By Nicholas Asheshov
The downgrade in New York by Standard & Poors, S&P, of Peru’s banking system last week came a day before S&P whammed the Brazil government debt to junk.
The Brazil move is a much bigger hit to a much bigger player but the Peru bank rating is a new sign that Peru is being priced firmly down even though its numbers are better than those of most of the neighbors.
The bank downslide came days before the Minister of Finance, Alonso Segura, was in New York to try to talk Morgan Stanley’s MSCI unit into postponing its decision, announced last month, (PT, Aug.21, 2015) to push the category of the Lima Bolsa de Valores, the stock exchange, from Emerging Market out to Frontier. Other countries to which this has happened this year include Morocco and Argentina.
Peru’s handful of international-style companies, like the Banco de Credito (BAP), Cia de Minas Buenaventura (BVN), Southern Peru Copper (SPCC), Graña y Montero (GRAM) and Hochschild (HOC) among them, are quoted in New York or London. But the downgrade of the Lima exchange will have a negative effect on the finances of the AFPs, the pension funds which by law are forced to invest in local paper.
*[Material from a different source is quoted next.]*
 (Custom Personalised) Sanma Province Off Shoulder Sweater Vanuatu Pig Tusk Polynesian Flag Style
A warning and further downgrades
The latest bank ratings are shots across the bows of the government and of its creditors — there is no question about the stability of any of the four main Lima banks, the Credito, the Continental, Interbank and Scotiabank. But it means further downgrades by the New York rating outfits like Moody’s and Fitch are possible as Peru’s economy continues to slow down. The rest of the Emerging and Frontier world is slow and getting slower, too, but the main reasons for the latest S&P bank ratings is the poor performance of the government and of the Central Bank in Lima.
The immediate practical effects are a bruise rather than broken bones. It will add, perhaps, 50 or 100 basis points, getting on for one percentage point, to the still-cheap cost to banks here of borrowing in New York. This is currently around 4% to 5% p.a., a gift by the standards of other times.
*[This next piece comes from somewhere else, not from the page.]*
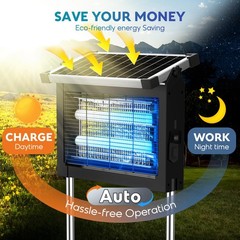 Solar Bug Zapper Outdoor, PhatroyYee Mosquito 4500V, Waterproof Black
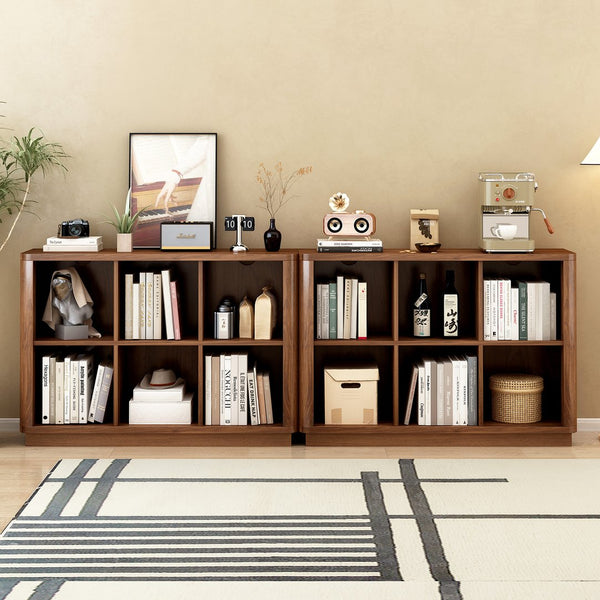 English Elm 6 Cube Farmhouse Bookcase Low Horizontal Wood Shelf Walnut Finish for Living Room W2641P460042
The change in status comes, too, as financial markets everywhere see-saw with a general trend down. Commodities, products and companies are being reassessed. De Beers has reduced the price of its latest gem quality diamonds by nine percent. Silver continues below $15/oz, less than half the price of 2013, gold at under $1,100 instead of $1,900, and copper at $2.30, half its price three years ago.
S&P says the quality of the Lima banks’ business will get worse as the economy deteriorates.
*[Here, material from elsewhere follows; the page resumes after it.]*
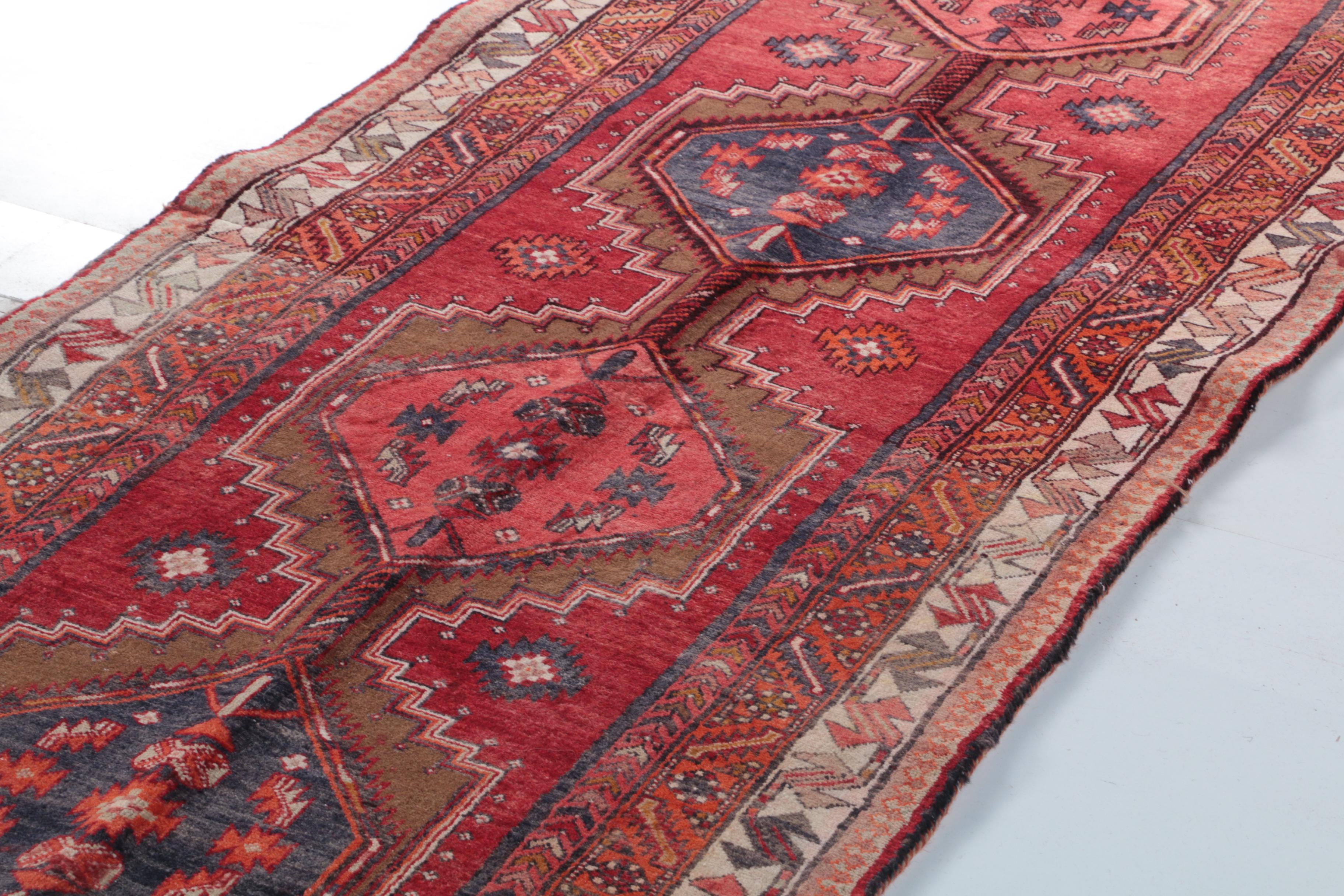 Hand-Knotted Caucasian Wool Carpet Runner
This is another way of saying that the quality of the balance sheets of Peruvian companies is seen by S&P as deteriorating too, in line with the mishandling of public finances by the Ministry of Economy and Finance, MEF, and the Central Bank, the BCRP.
Dangerous increase of reference lending rate
Part of the problem is that the Central Bank continues to prop up the price of the Nuevo Sol, spending $1 billion of its reserves every month. Last week it revalued, not devalued, the Sol, from S/.3.31=US$1 to S/.3.21 defying, perhaps with a certain sense of humor, international financial gravity.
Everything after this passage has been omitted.